Above the rims of her shattered spectacles, Melissa could just see the earl’s arms lift in the air in seeming frustration.

“Bring him in.”
      “What shall I do with the Viper, sir?”

“I am not…” Even to her ears her voice sounded feeble.

“Take her down to the kitchen and let Carlos and Charles guard her. I don’t want Granwich to see her just yet. I want it to be a surprise for him.”

“Goodness what a lovely surprise,” Melissa muttered. “Here what are you doing?” The black hood that had been hung over her face before, was quickly hooked over her head again. “I…” With little ceremony her body was picked up and carried out of the room. Although the hands gripped her firmly and impersonally underneath her knees and shoulders, Melissa still couldn’t stop the tightness that held her body rigid away from the butler’s torso.

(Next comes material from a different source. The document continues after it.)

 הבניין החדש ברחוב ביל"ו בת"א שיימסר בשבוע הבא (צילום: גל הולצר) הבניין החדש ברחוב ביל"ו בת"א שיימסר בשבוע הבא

Carter’s feet echoed down a passageway and clumped rhythmically down a small flight of stairs into what must have been the kitchen. Delicious smells of food wafted through the thin fabric of her hood as she bit her lip.

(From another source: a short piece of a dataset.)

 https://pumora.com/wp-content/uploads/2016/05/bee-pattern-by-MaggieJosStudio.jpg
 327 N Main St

She hadn’t eaten since the large cooked breakfast Mrs. Hobbs had prepared that morning. Mr. Hobbs had been out tending the garden. It had been the least she could do since he had lost his job. Quite when she had ended up employing them both full time was a mystery. It could have been on the day that she had had so many customers queuing at the garden gate for cures that she had had to ask the pair to work for her on a more permanent basis. Or when one night the ghosts of Melissa’s past, living and dead, seemed to walk endlessly through the house as she shivered in her room upstairs in the empty attic.

For despite putting the house on the market, no one had seemingly wanted it even though other houses in the street sold for more. And although she had thought that she would disappear, without the money from the house she couldn’t. She had fallen back into her old routines, growing her flowers and herbs, pressing them, distilling their essences and then attempting to shorten the ever present queue of people behind the garden wall. Helping those that couldn’t help themselves gave her back a small semblance of comfort that balanced against the lonely nights of fear and memories.

Her stomach rumbled alarmingly as she was set carefully down in a chair.
Oh gods
, what a time to happen.

“Do you think we should take the hood off?”

Melissa sat up straighter as a shadow crossed her vision.

Carter’s voice came from behind her. “Um, the earl says that she’s very dangerous.”

“Oooh.” A third voice joined the conversation. “Then we definitely should take the hood off to see who we are dealing with.”

Slowly, the black stifling hood rose, brushing against Melissa’s cheeks. Instantly the shattered glass of her spectacles steamed up.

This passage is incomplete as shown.